## [Your task]
Beginning at the line that contains "A modern kitchen", reproduce the entries below exactly, ending with the line that contains "Etichetta Fendi su". Omit each picture.

## [Exercise material]

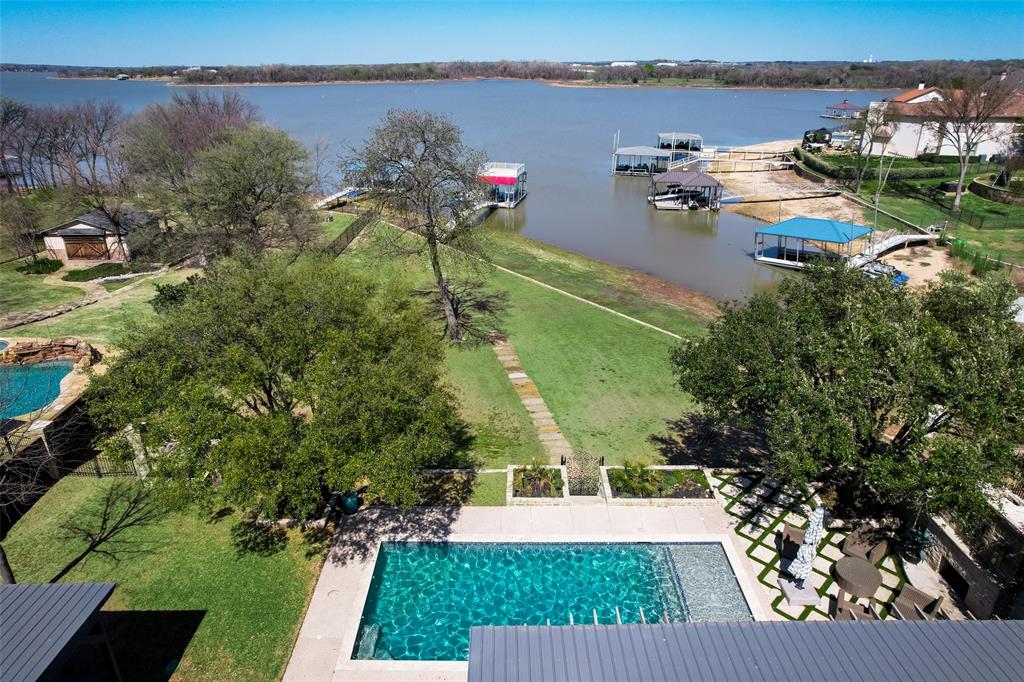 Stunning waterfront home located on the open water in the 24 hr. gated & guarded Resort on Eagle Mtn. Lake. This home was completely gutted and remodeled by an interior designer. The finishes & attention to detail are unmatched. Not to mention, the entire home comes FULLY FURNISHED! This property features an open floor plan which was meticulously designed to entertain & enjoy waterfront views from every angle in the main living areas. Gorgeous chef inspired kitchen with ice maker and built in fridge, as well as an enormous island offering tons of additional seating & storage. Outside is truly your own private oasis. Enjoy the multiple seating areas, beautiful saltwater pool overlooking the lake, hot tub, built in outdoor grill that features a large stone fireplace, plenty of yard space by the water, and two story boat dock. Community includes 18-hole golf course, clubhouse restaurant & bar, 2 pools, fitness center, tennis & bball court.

--

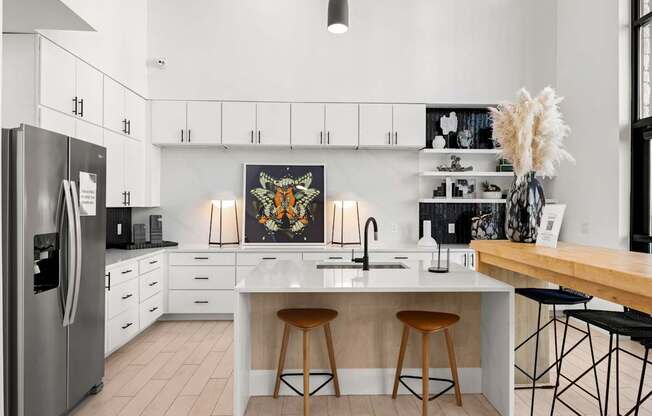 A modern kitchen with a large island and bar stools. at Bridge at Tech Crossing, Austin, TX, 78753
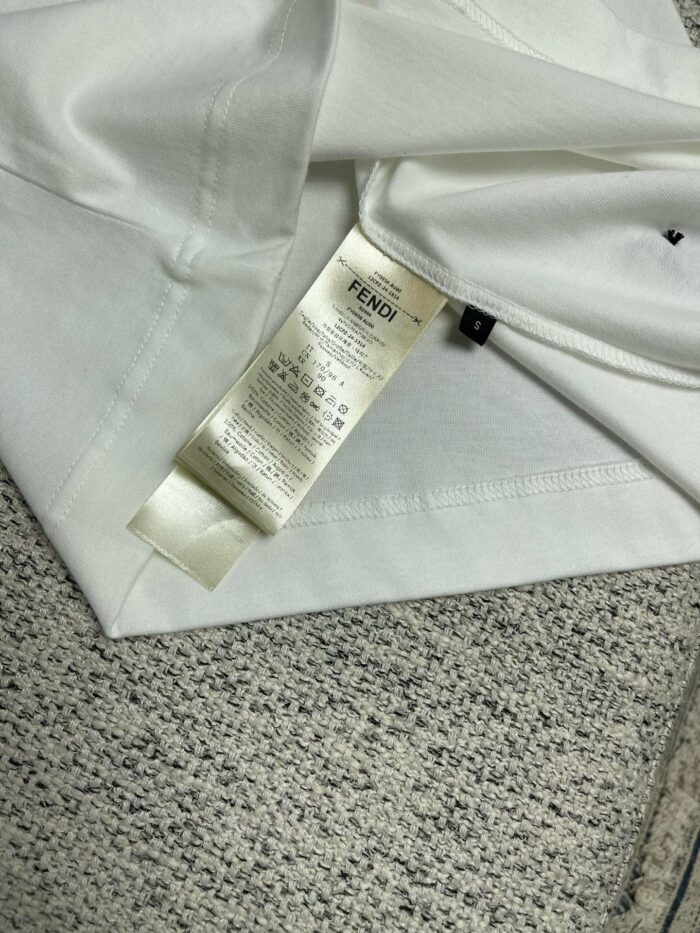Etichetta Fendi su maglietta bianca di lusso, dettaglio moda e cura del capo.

* * *

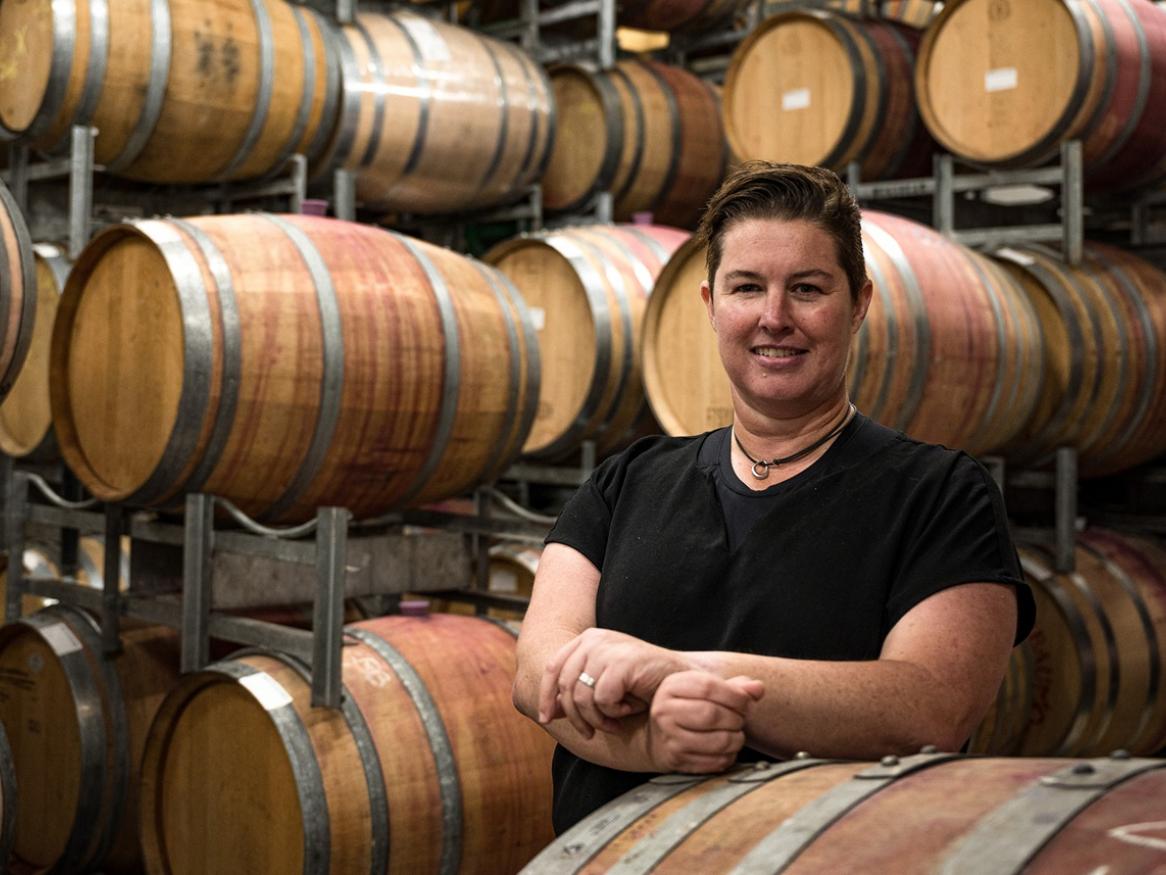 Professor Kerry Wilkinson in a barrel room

## [Solution below]
 A modern kitchen with a large island and bar stools. at Bridge at Tech Crossing, Austin, TX, 78753
Etichetta Fendi su maglietta bianca di lusso, dettaglio moda e cura del capo.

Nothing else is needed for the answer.